Saved entries:
--
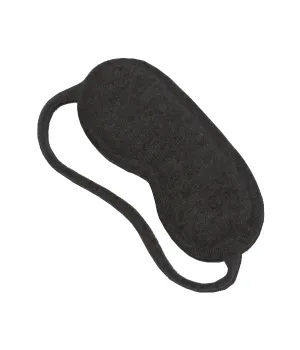 Cashmere Eyemask in Charcoal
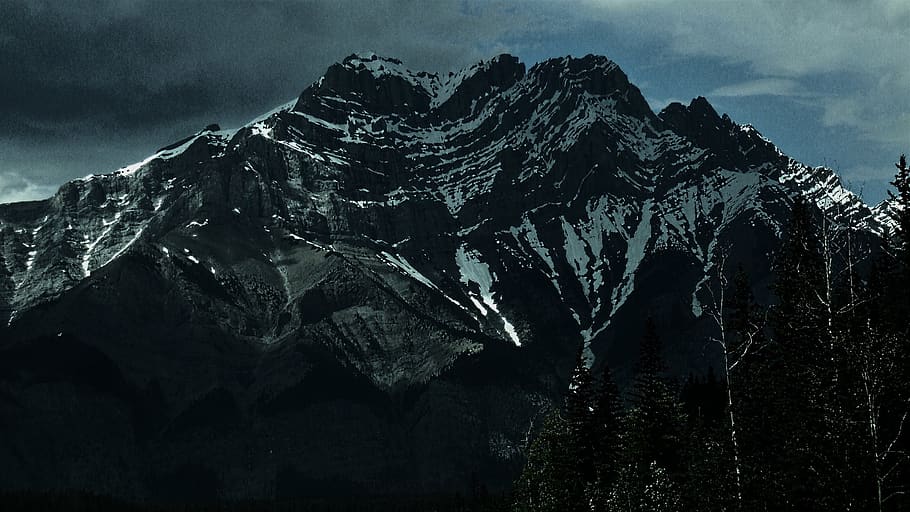 mountain, canadian, rocky, wilderness, peak, outdoors, nature, HD wallpaper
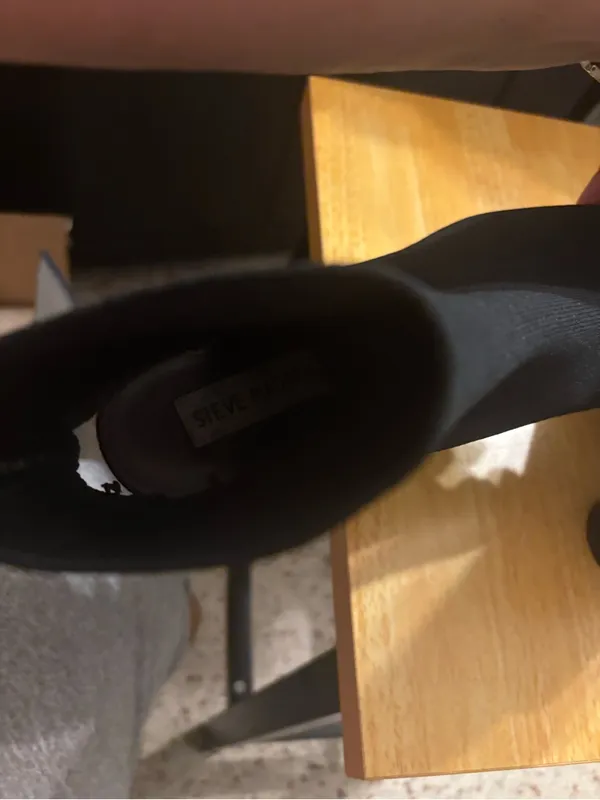 Steve Madden black open-toe stretchy sock booties 9.5 - Image 3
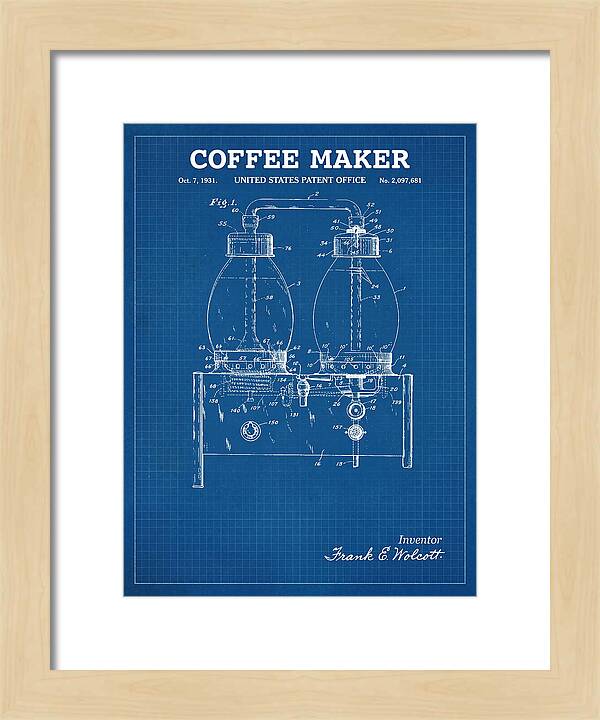 Coffee Maker Blueprint Patent Us2097681a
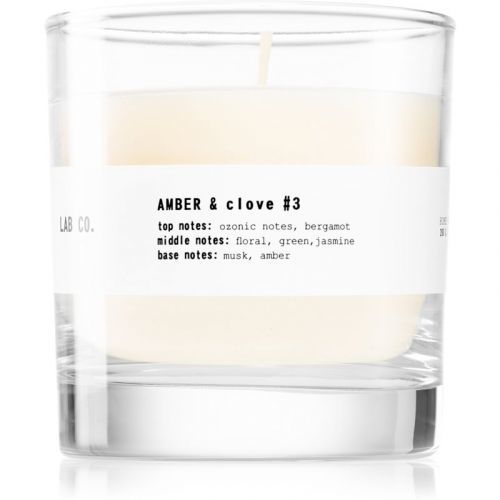 Ambientair Lab Co. Amber & Clove vonná sviečka 200 g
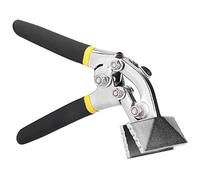 Pince à brider Pince à sertir à bec plat, poignée incurvée, outil de couture manuel pour plaques de métal et de plastique, acier au chrome vanadium, revêtement en caoutchouc, tête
--
What you are asked to do — What is wanted is an exact copy of the lines above from the one containing "nature, HD wallpaper" through the one containing "Ambientair Lab Co.", with no pictures in it.

Solution for this task —
 mountain, canadian, rocky, wilderness, peak, outdoors, nature, HD wallpaper
 Steve Madden black open-toe stretchy sock booties 9.5 - Image 3
 Coffee Maker Blueprint Patent Us2097681a
 Ambientair Lab Co. Amber & Clove vonná sviečka 200 g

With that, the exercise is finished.